Work task:
Produce word for word the lines of the data below running from the one that has "P Kaufmann Taboo" to the one that has "Femmes Poncho Léger", inclusive, and no others.

Record set:
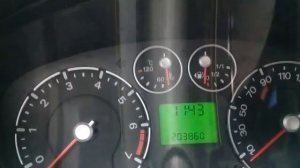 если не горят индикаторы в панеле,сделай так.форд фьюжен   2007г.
==
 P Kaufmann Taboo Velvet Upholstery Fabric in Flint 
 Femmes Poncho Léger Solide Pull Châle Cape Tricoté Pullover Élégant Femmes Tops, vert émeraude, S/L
--
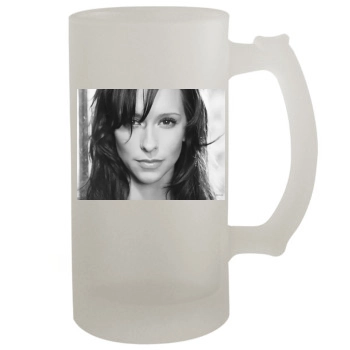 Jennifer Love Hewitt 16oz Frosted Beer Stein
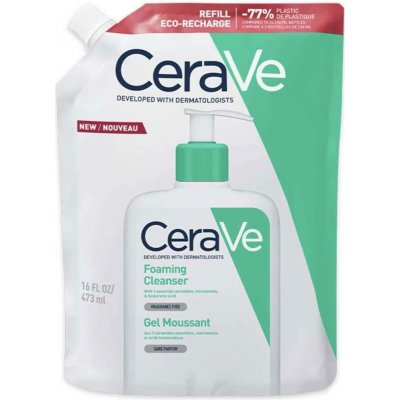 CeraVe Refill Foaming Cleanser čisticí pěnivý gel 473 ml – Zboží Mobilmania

Answer:
 P Kaufmann Taboo Velvet Upholstery Fabric in Flint 
 Femmes Poncho Léger Solide Pull Châle Cape Tricoté Pullover Élégant Femmes Tops, vert émeraude, S/L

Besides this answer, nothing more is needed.